Small Town Talk
Sacred Sumac Records
This album, a tribute to the late great Bobby Charles, only finds its way out into the world now – but the project began in 2007 and had Charles’ blessing; in fact – it was to have his full involvement. Since then not only has Bobby left this world – leaving behind so many great songs that straddle R’n’B and blues and soul; that helped create rock’n’roll – but Wardell Quezergue (horn arrangements) has also passed. So you get the feeling, instantly, that this record is special, partly because it won’t ever (quite) be repeated.
Helping McNally to realise this sound is Bobby Charles’ lifelong buddy and former sideman/collaborator the good doctor Mac Rebennack (Dr John). He would go on to have one of the hit albums of last year, one of my favourites (Locked Down) and in a roundabout way – recorded back then, but released now – it looks like he’s done it again. Or had a hand in one of the records of the year at least.
Derek Trucks also guests, bringing his Indian raga-influenced bubbly-squeaky slide guitar to a version of Cowboys and Indians.

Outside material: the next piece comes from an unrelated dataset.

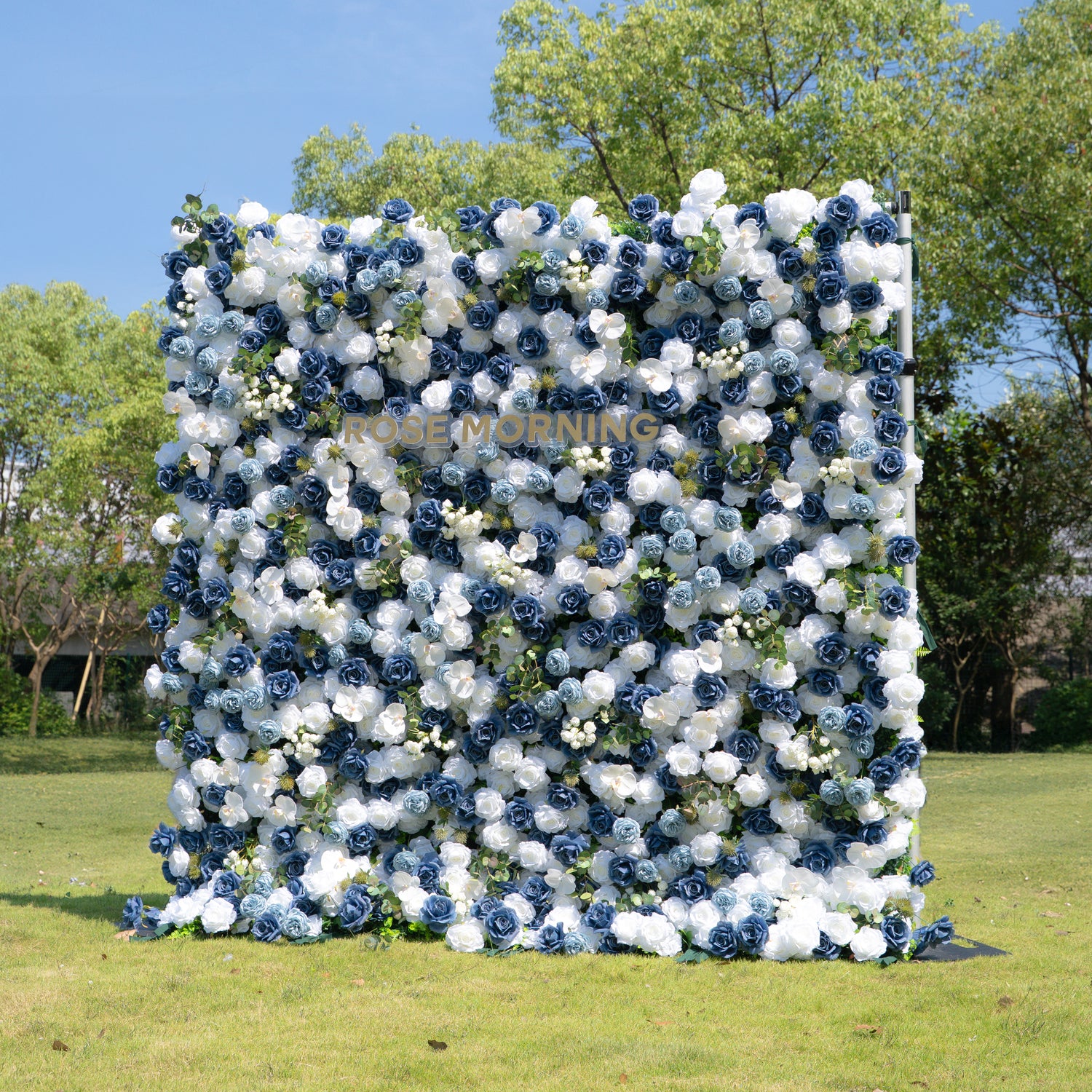 Precious:5D Fabric Artificial rolling up curtain flower wall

McNally – who I first discovered with 2005’s lovely Geronimo (and if I’m being honest I pretty much forgot about her shortly after) – is wonderful throughout. Respectful of these songs and the writer, so comfortable with these great players and she moves from referencing Lucinda Williams and Bonnie Raitt vocally to embracing her own style, equally comfortable in country ballads (Homemade Songs) and the second-line shuffle of the opening rendition of Street People. Always right there though – right inside the song.
The record has a timeless feel about it – these songs will (help) do that of course but McNally’s voice is wonderfully evocative of the countrified soul from the 1950s-1980s and String of Hearts even hints at how Rickie Lee Jones might have approached something like this.
I Don’t Want To Know was, most recently, nailed by Lil’ Band O’ Gold with Warren Storm so wrapped up in it in that hammy-but-lovely way he has. McNally is more stately in the way she approaches it, recalling the stoicism of Loretta Lynn; the song taking on such a different emotive-shape simply in having a female voice lead it. The restraint in the piano playing, an after-hours trickle lightly creeping toward a shuffle is gorgeous.
Bobby Charles wrote so many hits for other people (including See You Later, Alligator). He basically invented swamp pop, provided notable assists for Fats Domino and Clarence “Frogman” Henry and had a performing/recording career outside of – but based around – his valuable efforts as a songwriter.
Here his memory is brilliantly, lovingly served.
And McNally has a comeback hit; deservedly this album should lift her profile. And she has a decent catalogue of her own material for newcomers. But this album invites people into the world of Bobby Charles’ music first and foremost. And that’s a wonderful world to live in – so many people have been doing that possibly without even realising it.
Small Town Talk is so comfy, so cosy, so lovely. So full of soul and grit and warmth and depth, so full of heart. It’s easily going to be one of the records of the year – this year and in fact any year.